DATA EXTRACT:
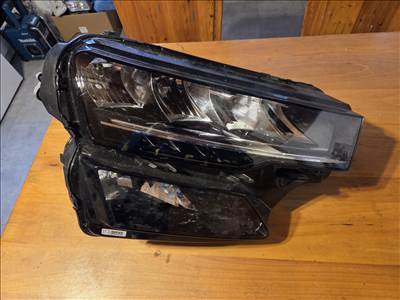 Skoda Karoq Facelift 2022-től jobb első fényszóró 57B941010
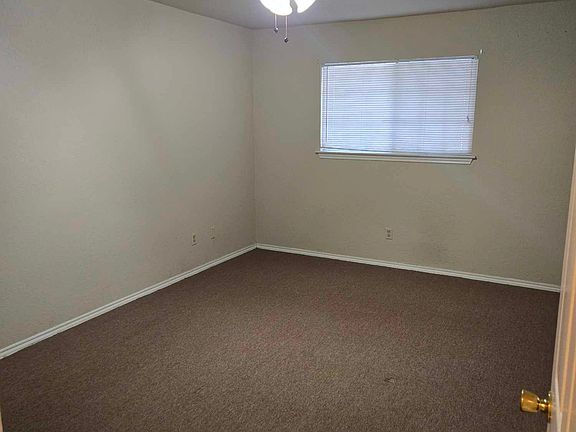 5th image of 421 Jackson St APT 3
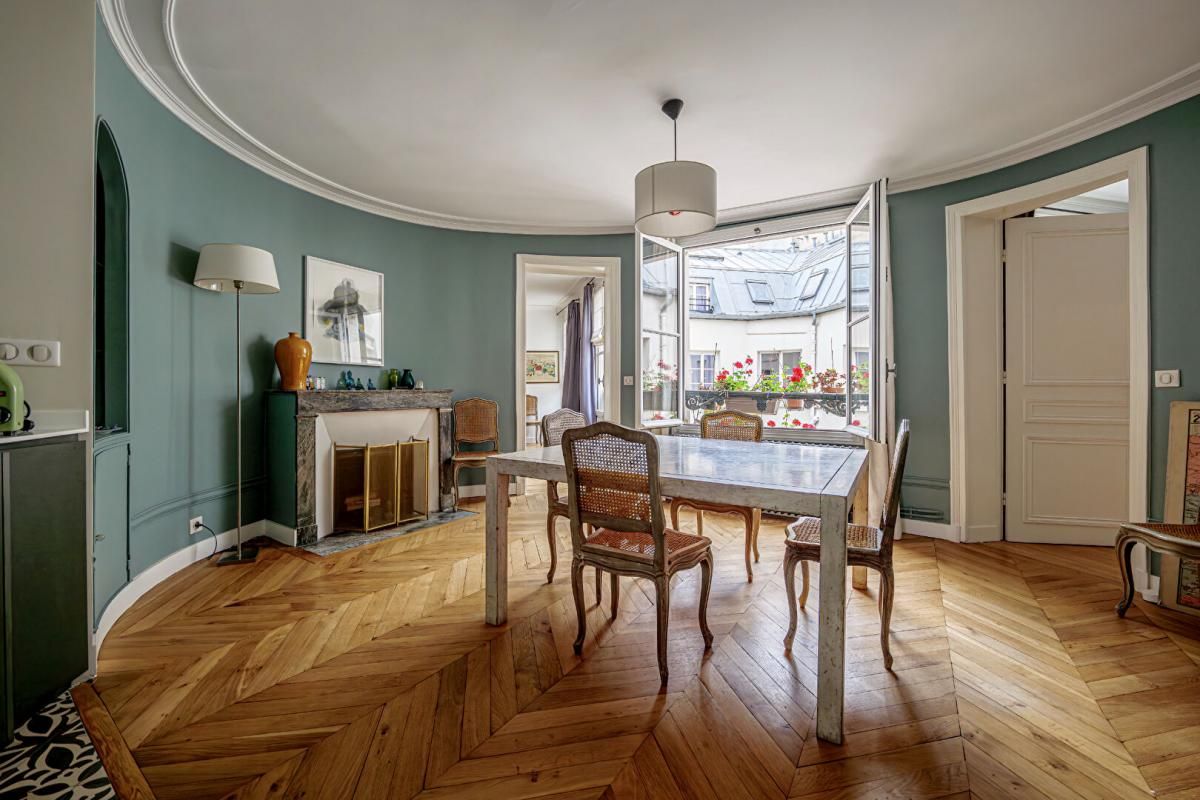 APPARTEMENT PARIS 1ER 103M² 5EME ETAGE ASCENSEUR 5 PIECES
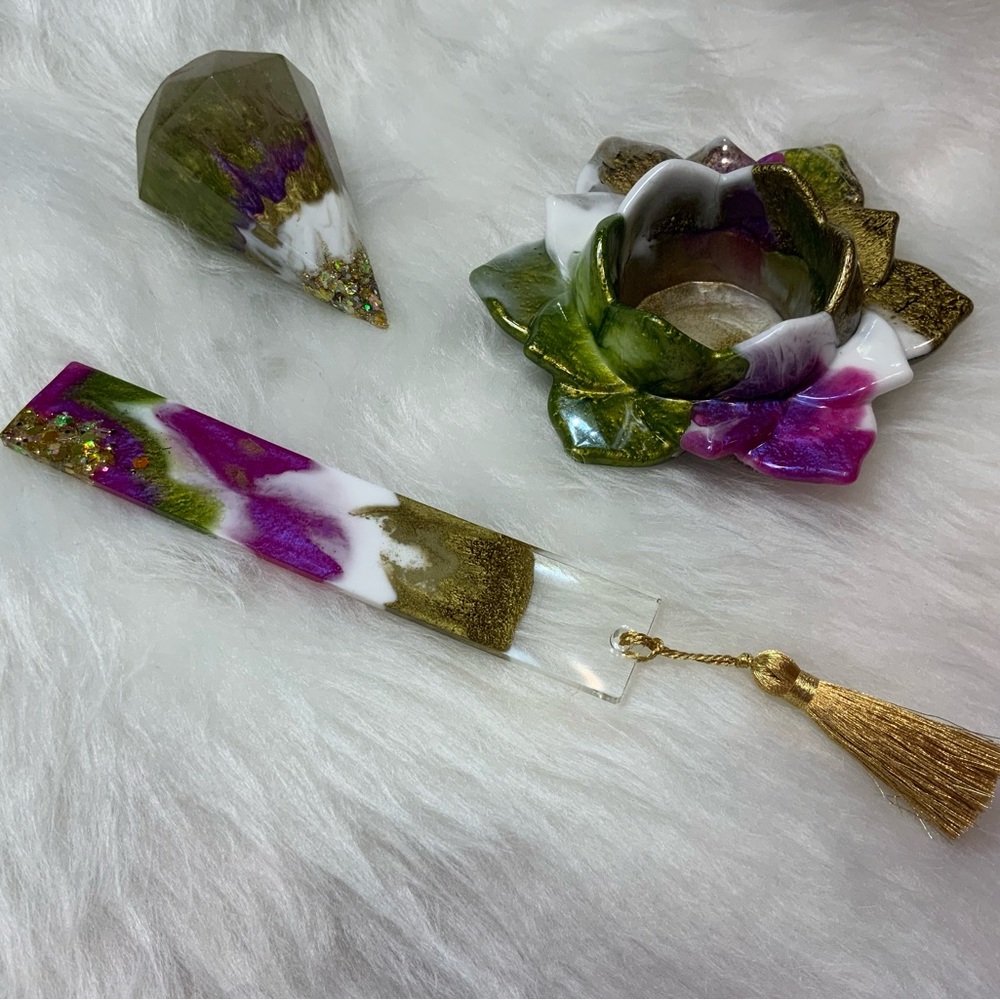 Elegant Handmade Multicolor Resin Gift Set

WORK REQUEST: For this exercise, retype exactly, and only, the lines from the line with "APPARTEMENT PARIS 1ER" through the last line of the material above, both included. Pictures stay out.

EXPECTED OUTPUT:
 APPARTEMENT PARIS 1ER 103M² 5EME ETAGE ASCENSEUR 5 PIECES
 Elegant Handmade Multicolor Resin Gift Set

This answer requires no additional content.